*WHAT NEEDS TO BE DONE*:
Omitting the pictures, output all of the records precisely as written.

START EXERCISE DATA

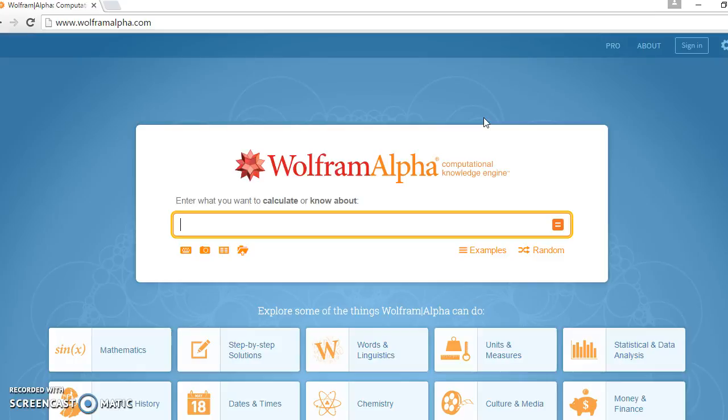Hello, in this video I'm going to show you how to check your answers to partial fractions using Wolfram Alpha.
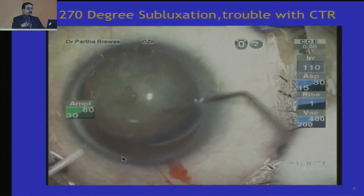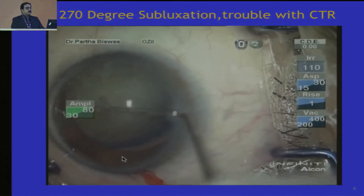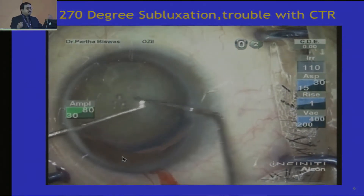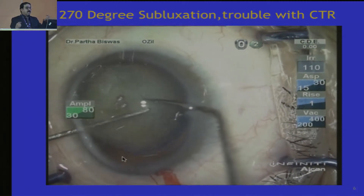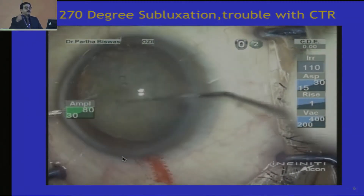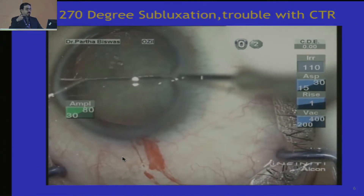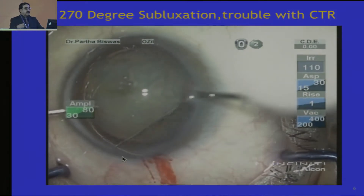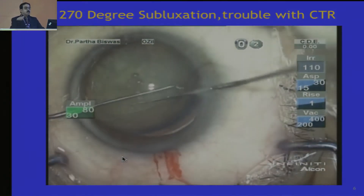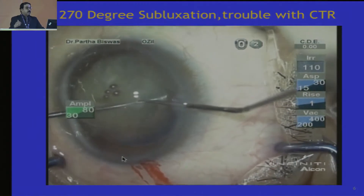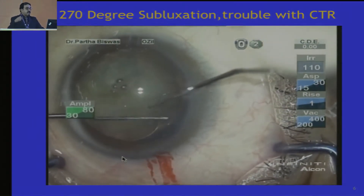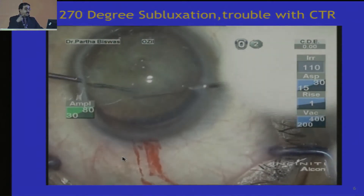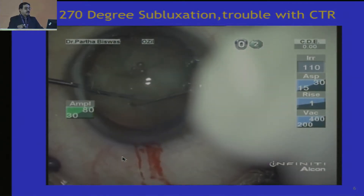Now look at this. I am placing the CTR — what can you see? I am trying to place the CTR and the CTR has gone in through the hook and travelled right into the device through which I am placing it. The Sinski hook has not worked, it has slipped, and now it has slipped into the angle of the anterior chamber. I make a second attempt with another hook from the other end and try to wiggle it in. These things happen when there are large subluxated areas.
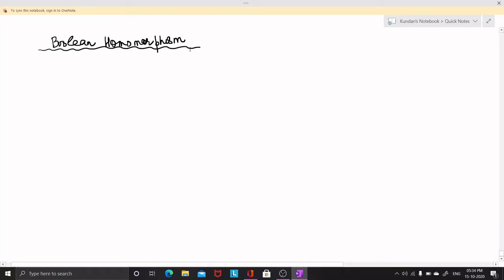Hello students. In this video lecture I am going to explain to you what is meant by a Boolean homomorphism.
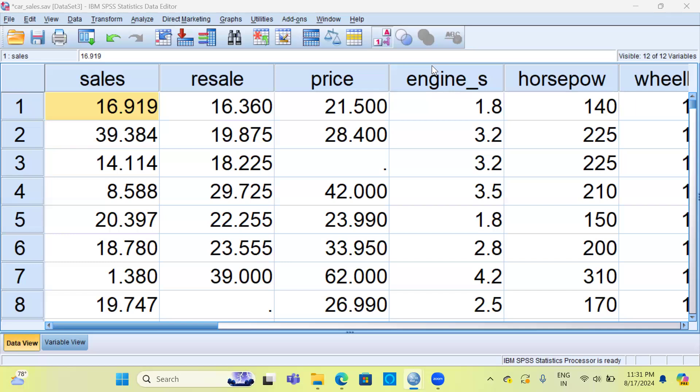Second, z-scores are also useful for outlier detection. If you want to identify data points that are significantly different from the mean, you can use z-scores. Thirdly, z-scores are used for normalization because it transforms the data to have a mean of zero and a standard deviation of one. Now let's ask a simple question: where do we use z-scores?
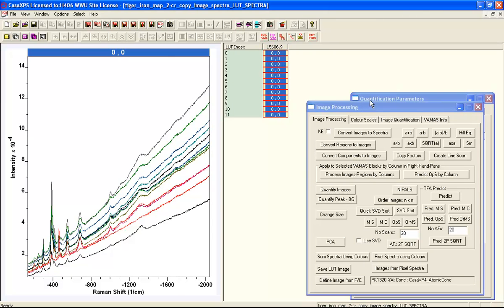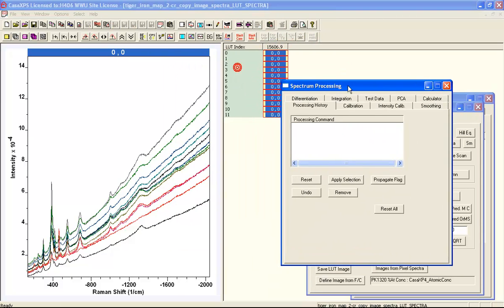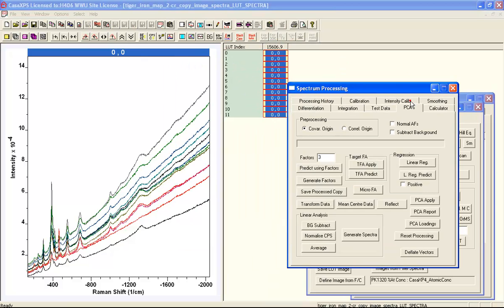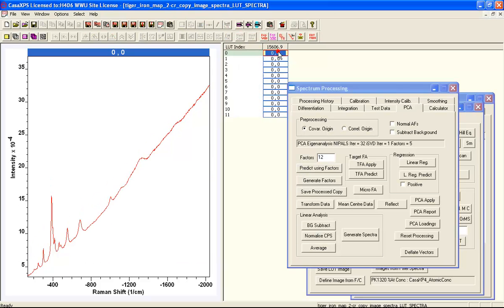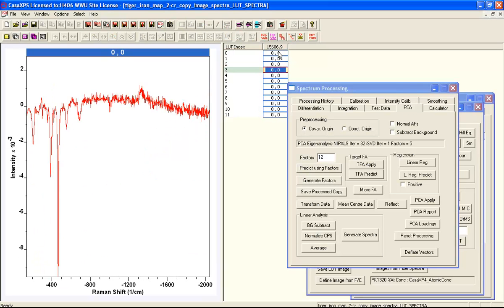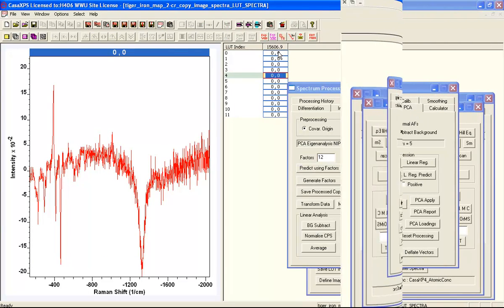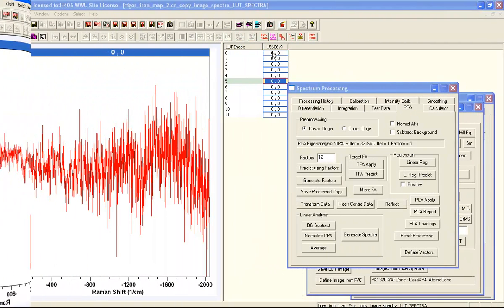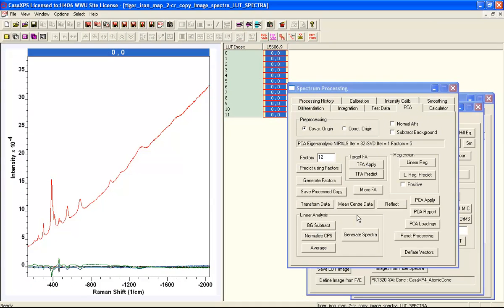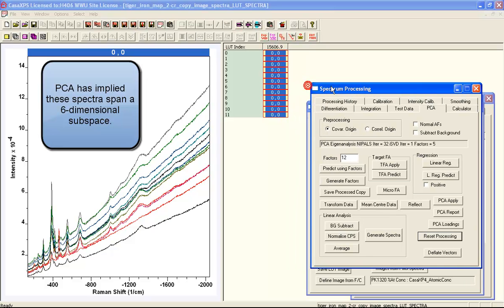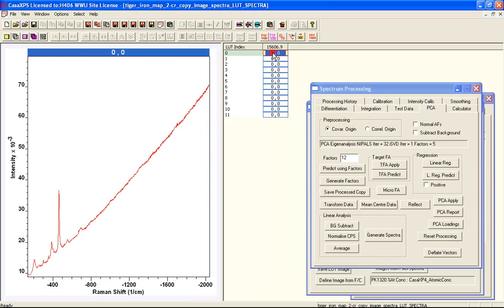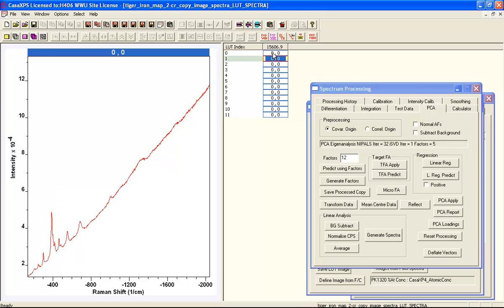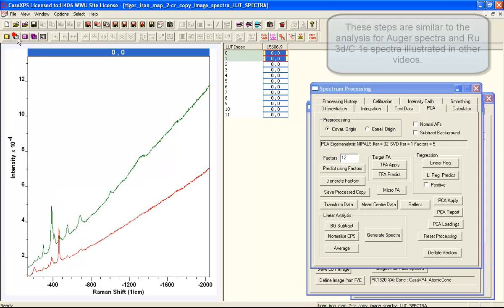If you do a PCA on these 12, you can get an idea of how many fundamental shapes are within the data set. You can see that there are spectral features from these 12 spectra that are probably up to about 5 or 6 abstract factors where there might be spectral features. We're going to look for 6 different vectors that we can use to reconstruct the entire data set on the basis that the PCA suggested that there were up to 6 different shapes within these data.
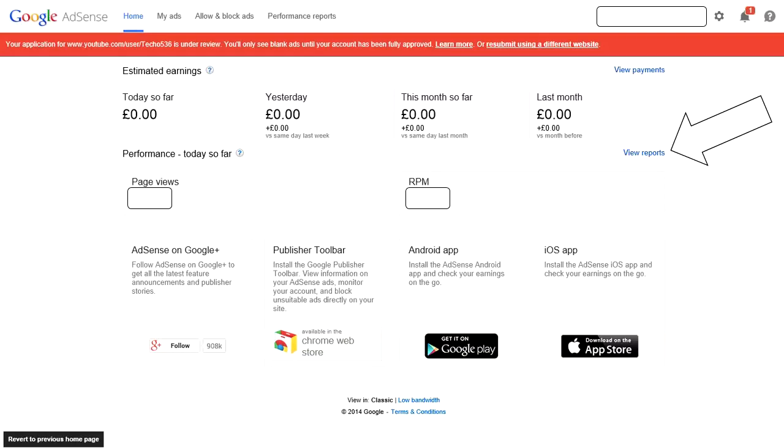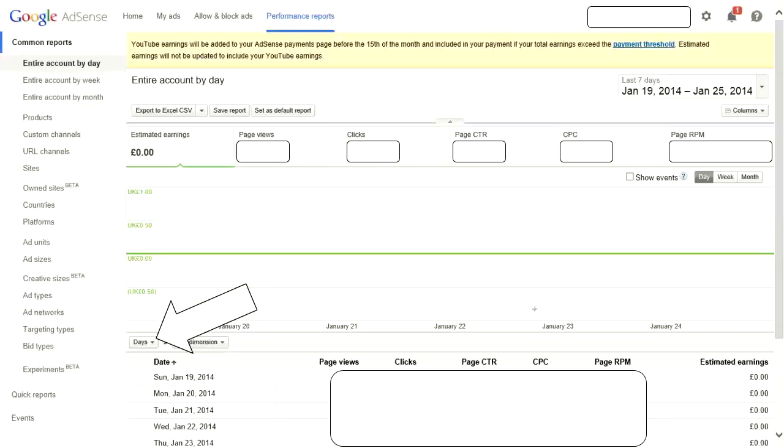You have that red banner at the top, so go ahead and click on view reports. Now you'll come to this page. Go down and click on days.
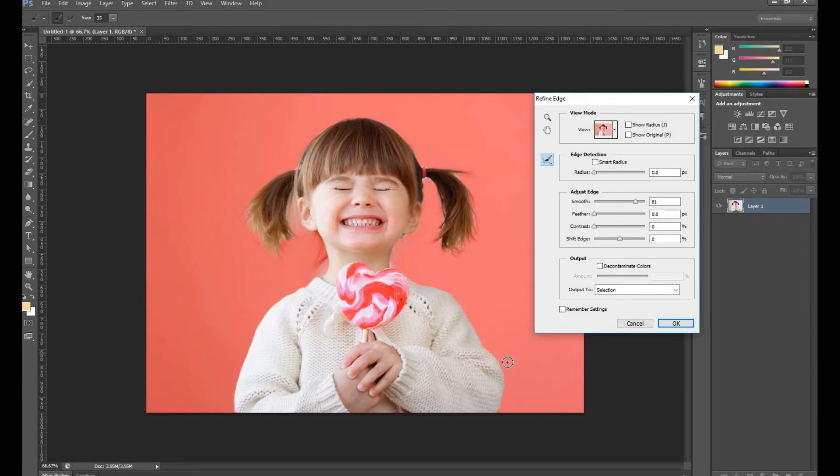Now output the selection to a new layer. This will create a new layer with no background.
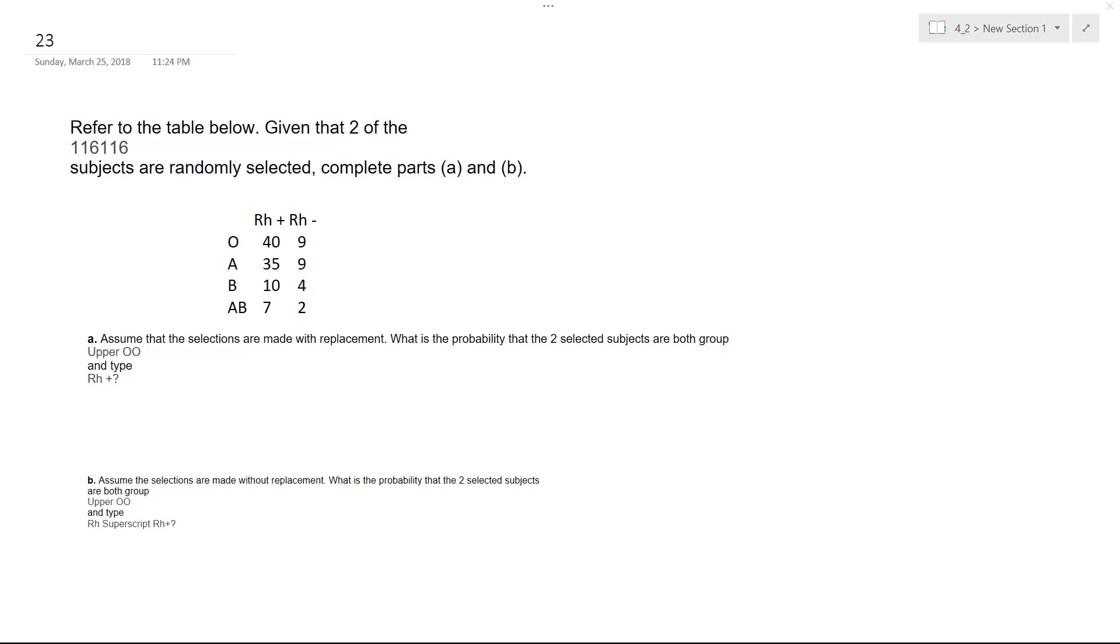All right, so what we have here is we've just got to figure out based off of what kind of groups and categories we have here. It's like blood or something, positive or negative.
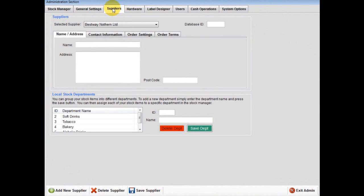Suppliers. If you wish to add supplier details to the system, this will allow you to incorporate supplier details within the stock manager when adding new stock lines.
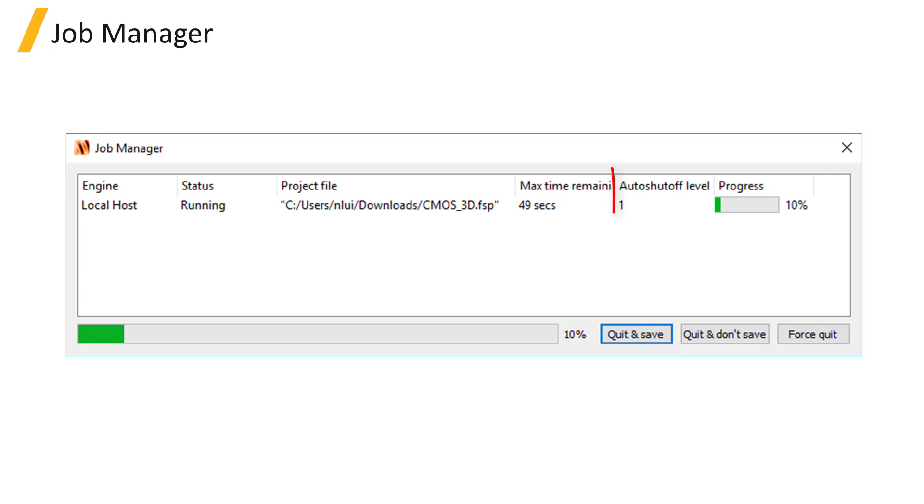The Auto Shutoff Level reports an estimation of the fraction of energy remaining in the simulation volume compared to the energy injected by the source. By default, the simulation will automatically end once this drops below the early shutoff threshold.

END EXERCISE DATA

*SOLUTION TO THIS TASK*:
Hello, in this video I'm going to show you how to check your answers to partial fractions using Wolfram Alpha.
Now look at this. I am placing the CTR — what can you see? I am trying to place the CTR and the CTR has gone in through the hook and travelled right into the device through which I am placing it. The Sinski hook has not worked, it has slipped, and now it has slipped into the angle of the anterior chamber. I make a second attempt with another hook from the other end and try to wiggle it in. These things happen when there are large subluxated areas.
Hello students. In this video lecture I am going to explain to you what is meant by a Boolean homomorphism.
Second, z-scores are also useful for outlier detection. If you want to identify data points that are significantly different from the mean, you can use z-scores. Thirdly, z-scores are used for normalization because it transforms the data to have a mean of zero and a standard deviation of one. Now let's ask a simple question: where do we use z-scores?
If you do a PCA on these 12, you can get an idea of how many fundamental shapes are within the data set. You can see that there are spectral features from these 12 spectra that are probably up to about 5 or 6 abstract factors where there might be spectral features. We're going to look for 6 different vectors that we can use to reconstruct the entire data set on the basis that the PCA suggested that there were up to 6 different shapes within these data.
You have that red banner at the top, so go ahead and click on view reports. Now you'll come to this page. Go down and click on days.
Now output the selection to a new layer. This will create a new layer with no background.
All right, so what we have here is we've just got to figure out based off of what kind of groups and categories we have here. It's like blood or something, positive or negative.
Suppliers. If you wish to add supplier details to the system, this will allow you to incorporate supplier details within the stock manager when adding new stock lines.
The Auto Shutoff Level reports an estimation of the fraction of energy remaining in the simulation volume compared to the energy injected by the source. By default, the simulation will automatically end once this drops below the early shutoff threshold.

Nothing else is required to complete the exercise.